> EXERCISE AIM:
Quote exactly and only this range of lines in the data below: the line that holds "iPhone Xr 64 гб в черном цвете" to the line that holds "Damen Hoodie „Turn", both included.

*** LISTED RECORDS ***

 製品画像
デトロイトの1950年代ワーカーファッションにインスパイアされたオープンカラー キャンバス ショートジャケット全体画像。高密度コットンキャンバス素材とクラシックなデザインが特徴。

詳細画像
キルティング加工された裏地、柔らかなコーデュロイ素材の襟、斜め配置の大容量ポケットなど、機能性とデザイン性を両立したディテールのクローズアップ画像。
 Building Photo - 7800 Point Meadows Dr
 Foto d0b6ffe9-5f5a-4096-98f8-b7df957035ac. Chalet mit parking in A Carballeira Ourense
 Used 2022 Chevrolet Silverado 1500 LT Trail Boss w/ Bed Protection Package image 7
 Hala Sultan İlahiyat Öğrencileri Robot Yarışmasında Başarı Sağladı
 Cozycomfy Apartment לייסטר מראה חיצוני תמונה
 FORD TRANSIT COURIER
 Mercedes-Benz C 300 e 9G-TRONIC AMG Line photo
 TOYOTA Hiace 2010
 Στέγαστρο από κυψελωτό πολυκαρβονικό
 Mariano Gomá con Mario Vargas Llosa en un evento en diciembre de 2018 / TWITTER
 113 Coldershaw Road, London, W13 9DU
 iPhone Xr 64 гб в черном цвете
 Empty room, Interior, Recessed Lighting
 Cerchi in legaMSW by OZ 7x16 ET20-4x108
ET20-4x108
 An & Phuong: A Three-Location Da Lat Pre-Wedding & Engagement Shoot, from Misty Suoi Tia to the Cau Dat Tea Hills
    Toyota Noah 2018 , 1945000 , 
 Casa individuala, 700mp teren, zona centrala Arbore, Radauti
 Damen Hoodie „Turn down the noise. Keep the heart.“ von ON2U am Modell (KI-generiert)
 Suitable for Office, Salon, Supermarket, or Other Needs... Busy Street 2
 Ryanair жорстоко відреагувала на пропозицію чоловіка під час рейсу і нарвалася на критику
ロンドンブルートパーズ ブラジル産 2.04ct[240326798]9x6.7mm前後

*** End of LISTED RECORDS ***

> YOUR RESPONSE:
 iPhone Xr 64 гб в черном цвете
 Empty room, Interior, Recessed Lighting
 Cerchi in legaMSW by OZ 7x16 ET20-4x108
ET20-4x108
 An & Phuong: A Three-Location Da Lat Pre-Wedding & Engagement Shoot, from Misty Suoi Tia to the Cau Dat Tea Hills
    Toyota Noah 2018 , 1945000 , 
 Casa individuala, 700mp teren, zona centrala Arbore, Radauti
 Damen Hoodie „Turn down the noise. Keep the heart.“ von ON2U am Modell (KI-generiert)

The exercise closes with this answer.